Working in your favor is the natural immunity building in the fish coupled with the senescence of the cell line. Keep the attachment rate below the lethal loading - and the parasite more or less self eradicates. It's simple math. DF also reduces bacterial load and helps prevent secondary infection - which is also a plus.
We tend to naively interpret lab results and try to apply them to our systems, sometimes without considering the fact that lab tanks are in many ways different from the tanks we run at home. There are many aspects of the life-cycle if ich and velvet that have not been explored and are not well understood but which are bit-by bit being figured out.
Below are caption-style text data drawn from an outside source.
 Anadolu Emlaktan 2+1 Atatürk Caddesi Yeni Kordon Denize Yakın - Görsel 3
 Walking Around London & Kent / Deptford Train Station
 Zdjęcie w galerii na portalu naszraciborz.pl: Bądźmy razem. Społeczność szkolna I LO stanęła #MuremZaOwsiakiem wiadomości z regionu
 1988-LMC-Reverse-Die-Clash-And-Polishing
Senescence of cilliate lines was observed and described over a hundred years ago - and it is reliably observed in virtually every study of marine ich. In the lab - it can be a significant challenge to maintain a viable cell line - so much so that special techniques have had to be developed just to complete a study will a single strain before it dies off on its' own from old age even though it is "fed" a diet of fish which have never had any exposure and have acquired no immunity. Turns out there is a limit to how many times a cell can reproduce by budding as it typically takes place in the tomont under laboratory conditions. How is this observed senescence avoided in the wild - or as some here suggest - in our reef systems? No one knows for sure.
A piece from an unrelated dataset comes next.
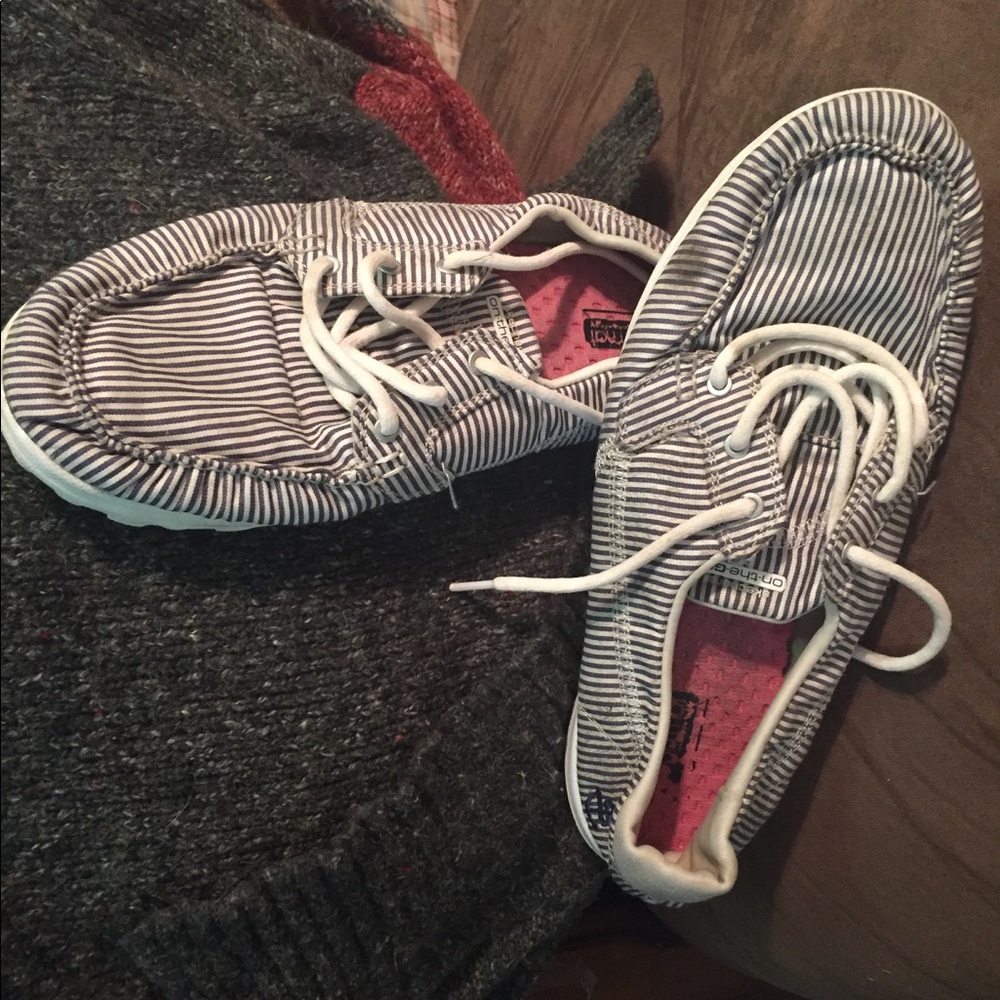 Sketchers shoes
The are researchers looking for the genetic loci of ich's ability to enter into deep hibernation states. Of course they are looking based on its impact on fisheries and the observed seasonality of outbreaks. Is it entering or exiting these hibernation states, which revitalizes the cell line and restores infectivity? Sexual and/or autogamous reproduction which clears DNA damage and restores shortened telomeres - is that the missing piece of the life-cycle which keeps ich and velvet disappearing through senescent eradication? Looks possible. Looks probable as a matter of fact.
So what are the trigger(s) for deep hibernation? Are they the same for autogamous or sexual reproduction? What are the environmental conditions in a "lab" tank which precludes these states. We know temperature can have an effect - but if this were the only agent - then senescence should be the rule in our tanks as well. It turns out that there is (at least) one other environmental trigger. Hypoxic conditions with O2 levels < 23% have also been seen to be inductive of deep hibernation states. These regions do exist in our tanks - notably areas of the substrate. Tomonts of ich can be revived from hypoxic induced hibernation six, seven or eight months later after exposure to an oxygen rich environment. Thermoclines and/or hypoxia? Thermoclines in our systems - no.
Ich or velvet hibernating in sand beds or other regions of reduced 02 saturation - very possible.